The faux pooch in the backseat was proof of the quirky humor Chief Schoenrock sometimes displayed. The car, though, was something else. If there was something he loved as much as Connie, the kids and firefighting, it had to be that Pontiac.
“It was the first new car he ever bought, before we got married,” Connie recalls.
“We drove to Wisconsin, looked at the car, and had it shipped back on a carriage. We used the car as our honeymoon car as well as we didn’t have limousines then. George also belonged to the Pontiac club and drove that car to every auto show they had.”
WEDDED TO THE FIREHOUSE, TILL THE END
Indeed, George was full of life. Even toward the end, when he was terminally ill, he acted as though everything was fine.
It was a difficult time for Connie as she had to keep his illness mostly to herself.
“He had bladder cancer but he convinced me to keep it a secret,” she said.
“He went through chemos, surgeries but the cancer just spread. He wouldn’t let me tell anybody, so in the end it came very much as a shock to everybody.”
She wasn’t sure whether it was because George didn’t want any sympathy or because he feared being taken away from the other thing he was wedded to — his firehouse.
“I told him: ‘Sooner or later, they’re going to suspect something because your work is slowing down’. And some of the firefighters in his company thought he was slowing a little but they thought it was age, not anything more.”
Schoendorf was one of those who sensed something was different.
“Obviously there were moments in his last six months when he was slowing down a little,” the deputy fire chief said. “But there were never really any signs that he was sick or anything like that. He just kept showing up. The ‘old faithful’, that’s what I called him.”
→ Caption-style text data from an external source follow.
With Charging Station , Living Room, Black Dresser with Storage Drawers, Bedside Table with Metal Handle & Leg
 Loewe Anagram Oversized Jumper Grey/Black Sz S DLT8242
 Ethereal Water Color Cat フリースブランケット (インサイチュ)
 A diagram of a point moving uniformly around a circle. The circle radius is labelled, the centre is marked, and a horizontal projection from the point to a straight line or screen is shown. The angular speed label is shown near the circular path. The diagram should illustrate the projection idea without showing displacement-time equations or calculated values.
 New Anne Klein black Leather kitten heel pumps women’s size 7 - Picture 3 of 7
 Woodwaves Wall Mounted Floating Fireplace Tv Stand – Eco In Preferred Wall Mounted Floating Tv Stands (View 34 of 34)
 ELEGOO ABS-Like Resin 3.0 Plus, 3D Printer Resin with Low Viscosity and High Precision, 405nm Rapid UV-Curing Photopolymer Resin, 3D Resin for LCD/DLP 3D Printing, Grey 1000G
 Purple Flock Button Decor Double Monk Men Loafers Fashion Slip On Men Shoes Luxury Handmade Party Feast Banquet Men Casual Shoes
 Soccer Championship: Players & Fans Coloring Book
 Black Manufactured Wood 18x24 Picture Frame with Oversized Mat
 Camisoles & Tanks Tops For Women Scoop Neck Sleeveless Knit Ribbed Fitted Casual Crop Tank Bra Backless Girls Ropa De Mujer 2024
Mayor Gonnelli also rues not witnessing any frailty in George until it was too late. “I noticed he kind of lost weight. There was some indication of that. But everyday that I saw him, I saluted him and he saluted me back.”
George Robert Schoenrock passed away in hospital on Halloween 2020.
“He did not suffer. He was not uncomfortable. And he went as peacefully as anybody could. And we let him go because we loved him.”
Secaucus salutes its favorite firefighting son, and wishes him eternal peace.